_Instructions for the task_: This exercise calls for a copy of every line in the listing below that carries the word "Country".

━━ Data extract ━━

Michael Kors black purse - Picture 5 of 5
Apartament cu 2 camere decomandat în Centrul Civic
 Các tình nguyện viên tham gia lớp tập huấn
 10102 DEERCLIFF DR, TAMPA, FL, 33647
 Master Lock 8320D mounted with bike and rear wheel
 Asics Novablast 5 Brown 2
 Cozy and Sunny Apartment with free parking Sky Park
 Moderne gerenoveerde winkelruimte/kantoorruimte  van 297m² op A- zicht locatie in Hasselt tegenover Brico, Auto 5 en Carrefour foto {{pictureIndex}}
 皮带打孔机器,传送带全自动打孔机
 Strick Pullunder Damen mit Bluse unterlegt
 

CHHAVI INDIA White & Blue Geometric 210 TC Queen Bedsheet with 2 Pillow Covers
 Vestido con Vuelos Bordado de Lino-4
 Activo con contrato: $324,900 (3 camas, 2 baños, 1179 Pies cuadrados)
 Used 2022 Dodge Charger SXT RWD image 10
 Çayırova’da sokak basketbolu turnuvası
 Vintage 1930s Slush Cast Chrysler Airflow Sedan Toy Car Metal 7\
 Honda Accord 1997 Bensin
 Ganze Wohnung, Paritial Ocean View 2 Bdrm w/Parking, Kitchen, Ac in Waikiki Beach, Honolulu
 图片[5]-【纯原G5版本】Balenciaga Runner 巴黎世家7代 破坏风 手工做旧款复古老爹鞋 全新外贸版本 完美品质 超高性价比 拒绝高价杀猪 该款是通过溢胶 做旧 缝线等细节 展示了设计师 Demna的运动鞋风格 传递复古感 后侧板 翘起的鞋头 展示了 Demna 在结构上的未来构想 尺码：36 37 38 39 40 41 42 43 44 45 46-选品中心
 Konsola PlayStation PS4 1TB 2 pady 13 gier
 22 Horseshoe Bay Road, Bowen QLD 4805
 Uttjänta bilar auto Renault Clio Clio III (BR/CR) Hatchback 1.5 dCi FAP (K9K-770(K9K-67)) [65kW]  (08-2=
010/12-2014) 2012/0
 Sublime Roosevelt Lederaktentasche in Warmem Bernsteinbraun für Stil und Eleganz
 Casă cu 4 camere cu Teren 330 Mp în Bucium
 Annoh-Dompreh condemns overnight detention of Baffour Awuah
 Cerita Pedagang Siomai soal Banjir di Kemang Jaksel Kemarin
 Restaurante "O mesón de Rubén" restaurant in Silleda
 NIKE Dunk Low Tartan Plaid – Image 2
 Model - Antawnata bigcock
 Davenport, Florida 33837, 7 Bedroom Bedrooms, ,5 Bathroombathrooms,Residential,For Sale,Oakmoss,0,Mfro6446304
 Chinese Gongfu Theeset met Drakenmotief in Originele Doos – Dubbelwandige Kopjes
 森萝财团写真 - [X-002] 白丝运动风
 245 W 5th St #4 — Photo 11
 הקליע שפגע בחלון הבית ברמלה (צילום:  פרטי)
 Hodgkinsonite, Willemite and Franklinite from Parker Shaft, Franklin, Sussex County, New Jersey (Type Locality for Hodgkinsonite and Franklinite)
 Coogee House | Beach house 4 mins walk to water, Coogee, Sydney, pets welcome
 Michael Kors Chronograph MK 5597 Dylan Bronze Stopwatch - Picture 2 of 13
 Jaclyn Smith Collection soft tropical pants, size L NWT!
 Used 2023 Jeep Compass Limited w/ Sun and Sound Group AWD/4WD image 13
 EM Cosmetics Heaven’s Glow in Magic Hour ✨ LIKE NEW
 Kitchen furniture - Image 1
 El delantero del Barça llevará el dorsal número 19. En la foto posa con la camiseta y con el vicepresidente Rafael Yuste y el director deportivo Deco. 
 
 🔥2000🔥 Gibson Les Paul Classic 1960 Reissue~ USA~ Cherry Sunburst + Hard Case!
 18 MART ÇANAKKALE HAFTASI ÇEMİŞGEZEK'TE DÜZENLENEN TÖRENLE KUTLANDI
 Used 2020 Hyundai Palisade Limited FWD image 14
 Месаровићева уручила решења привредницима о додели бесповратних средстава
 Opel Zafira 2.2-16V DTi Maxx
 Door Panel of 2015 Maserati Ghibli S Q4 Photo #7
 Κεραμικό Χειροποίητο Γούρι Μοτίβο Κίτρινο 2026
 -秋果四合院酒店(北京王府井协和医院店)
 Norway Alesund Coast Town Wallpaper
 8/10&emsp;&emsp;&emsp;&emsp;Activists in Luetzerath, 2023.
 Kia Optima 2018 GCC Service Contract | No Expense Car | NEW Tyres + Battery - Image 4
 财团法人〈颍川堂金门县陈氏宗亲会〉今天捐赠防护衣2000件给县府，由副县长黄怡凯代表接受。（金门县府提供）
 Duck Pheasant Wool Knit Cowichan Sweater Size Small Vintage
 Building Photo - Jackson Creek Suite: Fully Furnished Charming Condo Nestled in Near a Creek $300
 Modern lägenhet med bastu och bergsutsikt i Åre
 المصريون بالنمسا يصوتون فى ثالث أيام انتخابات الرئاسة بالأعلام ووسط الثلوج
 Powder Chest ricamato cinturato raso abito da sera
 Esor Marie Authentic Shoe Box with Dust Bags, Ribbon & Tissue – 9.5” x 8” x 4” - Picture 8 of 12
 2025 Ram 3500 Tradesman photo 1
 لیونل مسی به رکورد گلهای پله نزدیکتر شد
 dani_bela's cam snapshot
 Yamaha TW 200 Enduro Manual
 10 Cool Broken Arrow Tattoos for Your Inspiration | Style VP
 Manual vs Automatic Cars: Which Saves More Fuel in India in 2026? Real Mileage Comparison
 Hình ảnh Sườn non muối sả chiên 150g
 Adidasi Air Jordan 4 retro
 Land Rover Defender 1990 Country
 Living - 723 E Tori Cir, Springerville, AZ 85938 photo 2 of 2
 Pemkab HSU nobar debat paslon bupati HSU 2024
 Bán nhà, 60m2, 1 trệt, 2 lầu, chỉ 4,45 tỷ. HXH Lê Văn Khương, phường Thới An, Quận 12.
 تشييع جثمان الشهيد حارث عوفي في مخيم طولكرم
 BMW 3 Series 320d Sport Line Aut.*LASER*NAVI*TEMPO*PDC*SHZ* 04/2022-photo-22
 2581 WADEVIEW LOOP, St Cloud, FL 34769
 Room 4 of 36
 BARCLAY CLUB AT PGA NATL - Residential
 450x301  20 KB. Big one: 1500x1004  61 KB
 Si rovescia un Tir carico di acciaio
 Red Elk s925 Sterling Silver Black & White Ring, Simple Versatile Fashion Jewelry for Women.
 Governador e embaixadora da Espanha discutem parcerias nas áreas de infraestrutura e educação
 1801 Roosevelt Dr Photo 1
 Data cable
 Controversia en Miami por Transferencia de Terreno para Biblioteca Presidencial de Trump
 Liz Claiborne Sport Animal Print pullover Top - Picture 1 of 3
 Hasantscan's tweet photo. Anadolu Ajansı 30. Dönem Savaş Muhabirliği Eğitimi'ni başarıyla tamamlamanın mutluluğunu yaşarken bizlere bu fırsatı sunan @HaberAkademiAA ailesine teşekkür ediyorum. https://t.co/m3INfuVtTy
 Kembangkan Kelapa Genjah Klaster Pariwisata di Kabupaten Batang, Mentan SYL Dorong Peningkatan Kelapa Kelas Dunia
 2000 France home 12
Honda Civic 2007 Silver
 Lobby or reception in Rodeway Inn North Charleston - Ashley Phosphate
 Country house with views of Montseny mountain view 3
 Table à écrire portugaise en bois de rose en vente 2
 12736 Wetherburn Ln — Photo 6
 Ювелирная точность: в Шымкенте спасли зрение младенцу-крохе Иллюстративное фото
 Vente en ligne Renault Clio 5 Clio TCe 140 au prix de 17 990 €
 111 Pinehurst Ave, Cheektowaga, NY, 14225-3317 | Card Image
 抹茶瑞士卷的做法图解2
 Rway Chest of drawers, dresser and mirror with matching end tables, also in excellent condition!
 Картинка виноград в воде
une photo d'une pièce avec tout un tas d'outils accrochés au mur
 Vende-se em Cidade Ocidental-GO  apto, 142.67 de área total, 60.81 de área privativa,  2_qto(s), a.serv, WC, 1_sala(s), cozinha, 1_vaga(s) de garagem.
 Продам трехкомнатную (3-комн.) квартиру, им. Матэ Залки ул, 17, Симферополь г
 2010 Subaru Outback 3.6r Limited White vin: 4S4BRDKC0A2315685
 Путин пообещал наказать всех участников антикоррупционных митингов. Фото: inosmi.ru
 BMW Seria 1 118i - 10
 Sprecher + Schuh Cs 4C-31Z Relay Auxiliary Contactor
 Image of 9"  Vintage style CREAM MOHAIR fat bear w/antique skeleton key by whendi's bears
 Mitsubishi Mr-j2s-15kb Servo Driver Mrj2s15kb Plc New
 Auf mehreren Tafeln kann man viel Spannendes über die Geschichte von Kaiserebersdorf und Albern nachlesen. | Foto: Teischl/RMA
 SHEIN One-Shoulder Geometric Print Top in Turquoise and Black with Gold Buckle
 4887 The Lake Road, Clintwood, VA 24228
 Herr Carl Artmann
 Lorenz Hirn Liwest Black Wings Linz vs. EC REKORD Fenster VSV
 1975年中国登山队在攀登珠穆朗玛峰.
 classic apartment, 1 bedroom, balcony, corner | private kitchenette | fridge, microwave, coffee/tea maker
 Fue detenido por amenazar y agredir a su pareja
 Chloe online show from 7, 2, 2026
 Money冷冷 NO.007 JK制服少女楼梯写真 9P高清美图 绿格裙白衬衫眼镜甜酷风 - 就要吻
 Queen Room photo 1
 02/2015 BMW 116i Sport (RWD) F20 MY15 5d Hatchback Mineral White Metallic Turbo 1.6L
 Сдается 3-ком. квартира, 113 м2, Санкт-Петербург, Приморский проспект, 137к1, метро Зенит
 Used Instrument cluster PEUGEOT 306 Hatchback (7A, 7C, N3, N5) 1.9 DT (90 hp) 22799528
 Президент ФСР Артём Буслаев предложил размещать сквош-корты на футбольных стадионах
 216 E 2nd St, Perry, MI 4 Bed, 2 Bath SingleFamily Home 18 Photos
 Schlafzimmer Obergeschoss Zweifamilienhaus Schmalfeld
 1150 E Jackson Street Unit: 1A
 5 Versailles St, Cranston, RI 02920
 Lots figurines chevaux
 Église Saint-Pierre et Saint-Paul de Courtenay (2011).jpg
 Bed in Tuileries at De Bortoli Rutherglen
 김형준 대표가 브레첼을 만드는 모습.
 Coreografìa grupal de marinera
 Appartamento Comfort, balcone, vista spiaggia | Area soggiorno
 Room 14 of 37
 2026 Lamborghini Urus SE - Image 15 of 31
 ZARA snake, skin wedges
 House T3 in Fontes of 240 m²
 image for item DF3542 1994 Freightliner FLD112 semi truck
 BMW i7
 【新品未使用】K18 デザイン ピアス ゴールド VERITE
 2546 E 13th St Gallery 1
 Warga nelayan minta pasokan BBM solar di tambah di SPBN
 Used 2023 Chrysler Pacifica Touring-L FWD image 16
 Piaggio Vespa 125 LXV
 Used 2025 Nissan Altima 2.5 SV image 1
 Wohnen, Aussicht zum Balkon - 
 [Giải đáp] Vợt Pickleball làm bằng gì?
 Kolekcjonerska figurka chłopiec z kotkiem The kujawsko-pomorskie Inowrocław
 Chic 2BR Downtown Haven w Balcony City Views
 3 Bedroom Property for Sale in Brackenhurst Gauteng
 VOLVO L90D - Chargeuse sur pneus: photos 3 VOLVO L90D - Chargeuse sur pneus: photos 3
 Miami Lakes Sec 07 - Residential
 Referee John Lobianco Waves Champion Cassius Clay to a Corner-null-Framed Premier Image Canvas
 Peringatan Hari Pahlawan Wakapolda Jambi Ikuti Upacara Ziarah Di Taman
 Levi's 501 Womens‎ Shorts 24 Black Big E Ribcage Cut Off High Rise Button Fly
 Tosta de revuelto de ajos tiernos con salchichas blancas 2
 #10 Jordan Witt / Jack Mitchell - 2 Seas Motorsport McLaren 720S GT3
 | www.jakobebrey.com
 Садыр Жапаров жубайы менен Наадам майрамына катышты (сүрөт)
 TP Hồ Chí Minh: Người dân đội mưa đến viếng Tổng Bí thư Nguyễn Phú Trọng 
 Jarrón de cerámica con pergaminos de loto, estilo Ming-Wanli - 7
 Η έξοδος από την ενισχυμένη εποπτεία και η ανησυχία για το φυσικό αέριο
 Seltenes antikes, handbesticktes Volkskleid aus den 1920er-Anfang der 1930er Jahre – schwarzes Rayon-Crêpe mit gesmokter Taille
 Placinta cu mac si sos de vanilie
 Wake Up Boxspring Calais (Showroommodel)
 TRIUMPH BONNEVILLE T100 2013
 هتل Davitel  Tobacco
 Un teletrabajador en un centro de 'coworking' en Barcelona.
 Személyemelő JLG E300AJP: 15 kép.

━━━

_Expected output_:
 Land Rover Defender 1990 Country
 Country house with views of Montseny mountain view 3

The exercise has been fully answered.